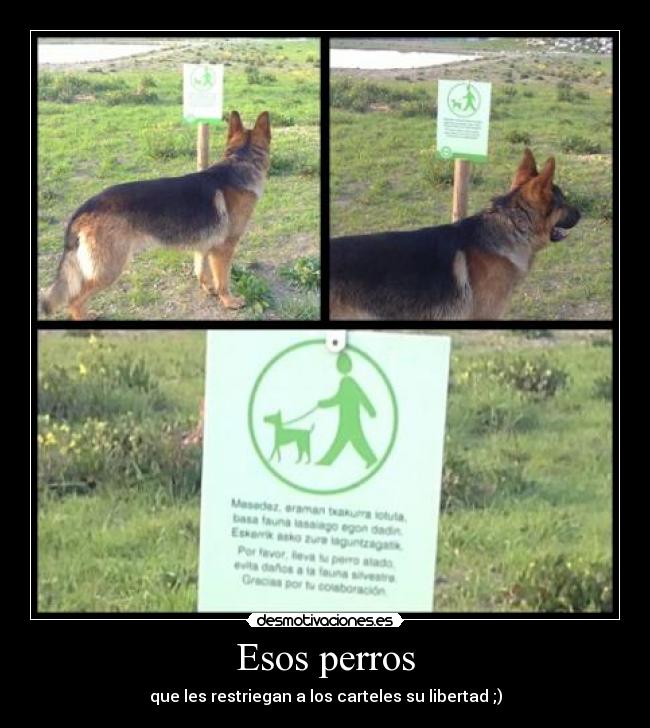 Esos perros - que les restriegan a los carteles su libertad ;)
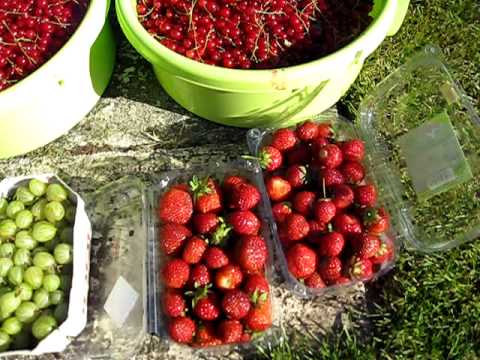 Video: Kvede Er En Duftende Og Sund Frugt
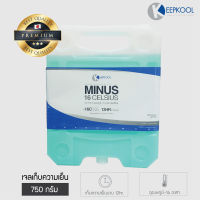 เจลเย็น Minus-16 °C 750g. ??ยิ่งซื้อ ยิ่งถูก?? เจลเก็บความเย็น ใช้ซ้ำได้ พร้อมใช้งาน ice pack ไอซ์แพค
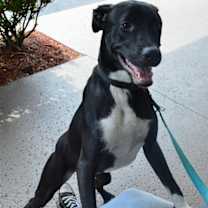 Thumbnail photo of Pacey #1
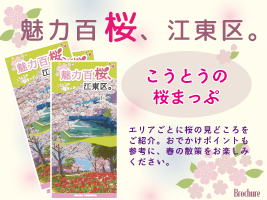 『こうとうの桜まっぷ　魅力百桜、江東区。』を発行しました！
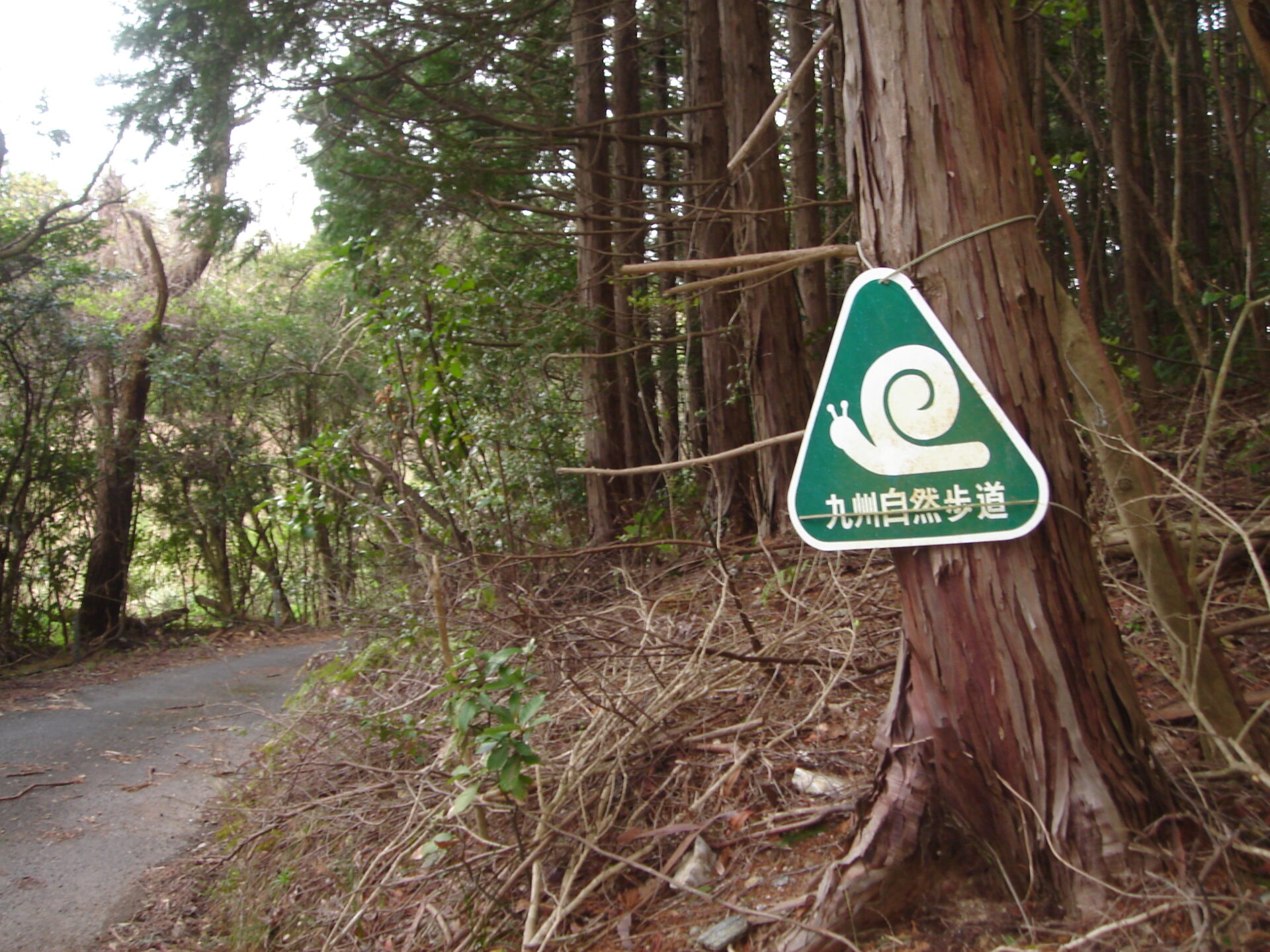 九州自然歩道/かたつむり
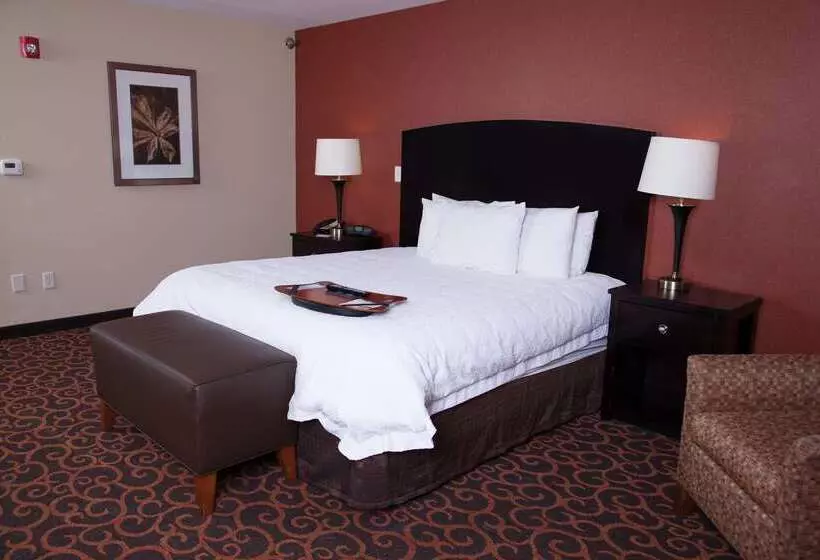 Hampton Inn & Suites Dickinson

........

■ Problem to work on ■
Reproduce every entry above exactly, and omit the pictures.

■ Completed task ■
 Esos perros - que les restriegan a los carteles su libertad ;)
 Video: Kvede Er En Duftende Og Sund Frugt
 เจลเย็น Minus-16 °C 750g. ??ยิ่งซื้อ ยิ่งถูก?? เจลเก็บความเย็น ใช้ซ้ำได้ พร้อมใช้งาน ice pack ไอซ์แพค
 Thumbnail photo of Pacey #1
 『こうとうの桜まっぷ　魅力百桜、江東区。』を発行しました！
 九州自然歩道/かたつむり
 Hampton Inn & Suites Dickinson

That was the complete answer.